Thursday, September 20, 2018
Published April 2017 by Knopf Doubleday Publishing Group
Source: bought my copy for book club
In the 1920s, the richest people per capita in the world were members of the Osage Indian Nation in Oklahoma. After oil was discovered beneath their land, the Osage rode in chauffeured automobiles, built mansions, and sent their children to study in Europe.
Then, one by one, they began to be killed off. One Osage woman, Mollie Burkhart, watched as her family was murdered. Her older sister was shot. Her mother was then slowly poisoned. And it was just the beginning, as more Osage began to die under mysterious circumstances.
In this last remnant of the Wild West—where oilmen like J. P. Getty made their fortunes and where desperadoes such as Al Spencer, “the Phantom Terror,” roamed – virtually anyone who dared to investigate the killings were themselves murdered. As the death toll surpassed more than twenty-four Osage, the newly created F.B.I. took up the case, in what became one of the organization’s first major homicide investigations. But the bureau was then notoriously corrupt and initially bungled the case. Eventually the young director, J. Edgar Hoover, turned to a former Texas Ranger named Tom White to try unravel the mystery. White put together an undercover team, including one of the only Native American agents in the bureau. They infiltrated the region, struggling to adopt the latest modern techniques of detection. Together with the Osage they began to expose one of the most sinister conspiracies in American history.
People! How have I never heard about this before? And how many other amazing stories about our history have we never heard of until an author chances upon a fragment that tweaks their interest? And do you think that David Grann thanks Truman Capotes in his prayers at night for inventing narrative nonfiction? Oh, sorry, I got carried away there. About the book...
Because the U. S. government, and white people in general, hadn't done enough to harm the Native Americans, after the government had settled the Osage onto a piece of land in Oklahoma, they decided each person should have only a small allotment of that territory and that the government would give away the rest to white people. The Osage had learned from the Oklahoma land rush and negotiated wisely, giving each of them each more land than was originally planned and, most importantly, allowing the Osage to retain the mineral rights to all land in their territory, no matter who owned the land above them.
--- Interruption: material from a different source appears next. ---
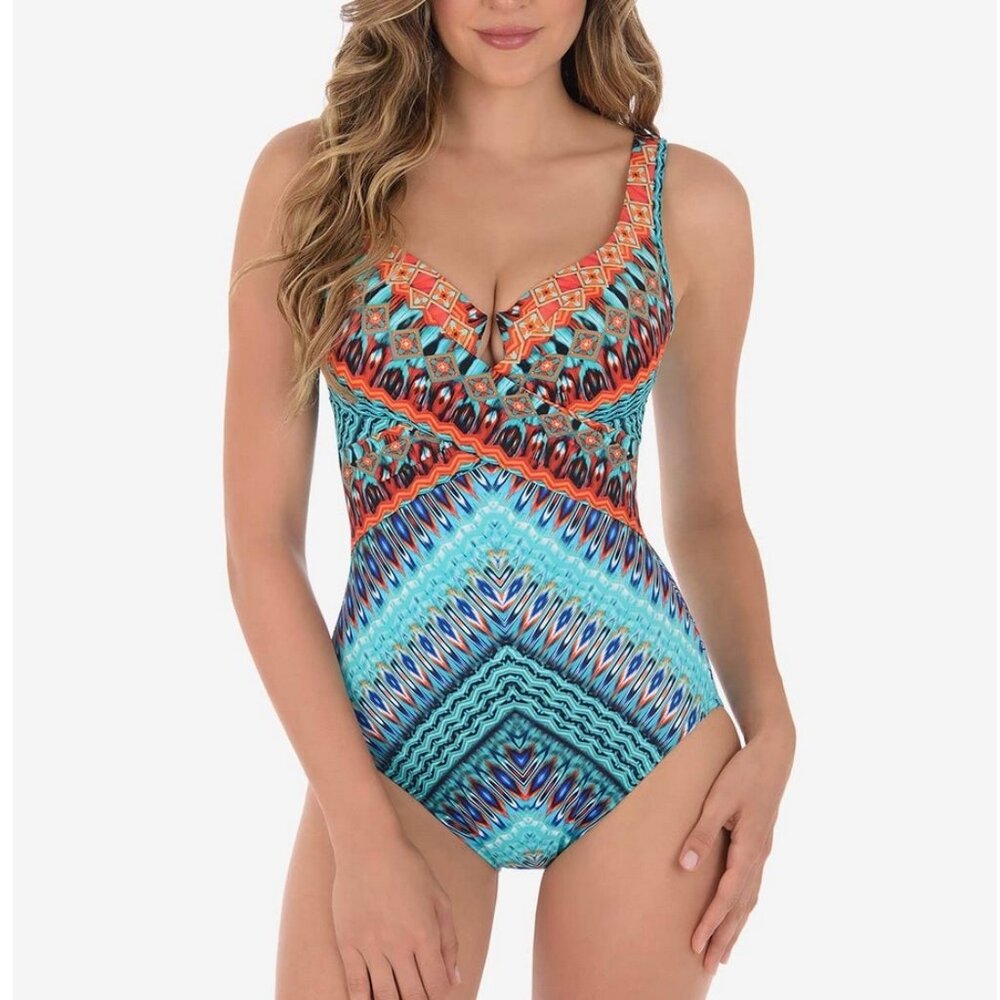 Miraclesuit Casbah Escape Crisscross Underwire One Piece Swimsuit Womens Size 10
Then it turned out there was oil under that land. A lot of oil. And the white men, who were already treating the Osage like small children and already unbelievably corrupt, got even worse. If all of that weren't enough, this all happened during Prohibition. We all know what that did for crime in this country and the Osage territory was no exception.
And J. Edgar Hoover? Also, not the nicest guy in the country. But the case of the Osage murders happened just as he rose to power, determined to turn the Bureau of Investigation into an efficient crime-fighting machine. Without him, and his dogged insistence that these crimes be solved, these people's murders would likely never have been solved.
The story of these murders and the attempt to solve them is fascinating and Grann keeps things moving along at a pace that should keep even those most leery of nonfiction interested. I couldn't put it down once I got started. I'm still just astounded at the level of corruption and incompetence and wondering how many more stories there are out there like this one that have yet to be unearthed.
I could have used a cast of characters list that I could refer back to throughout the book. There were so many people involved in the corruption on this area and in these crimes that it was often hard to remember who was who. If decide to read this, I highly recommend making your own as you go along. That goes along with my strong recommendation that you read this book; it's quite the eye-opener and, heaven knows, we could all use to have our eyes opened to the past because it has so much to do with the present.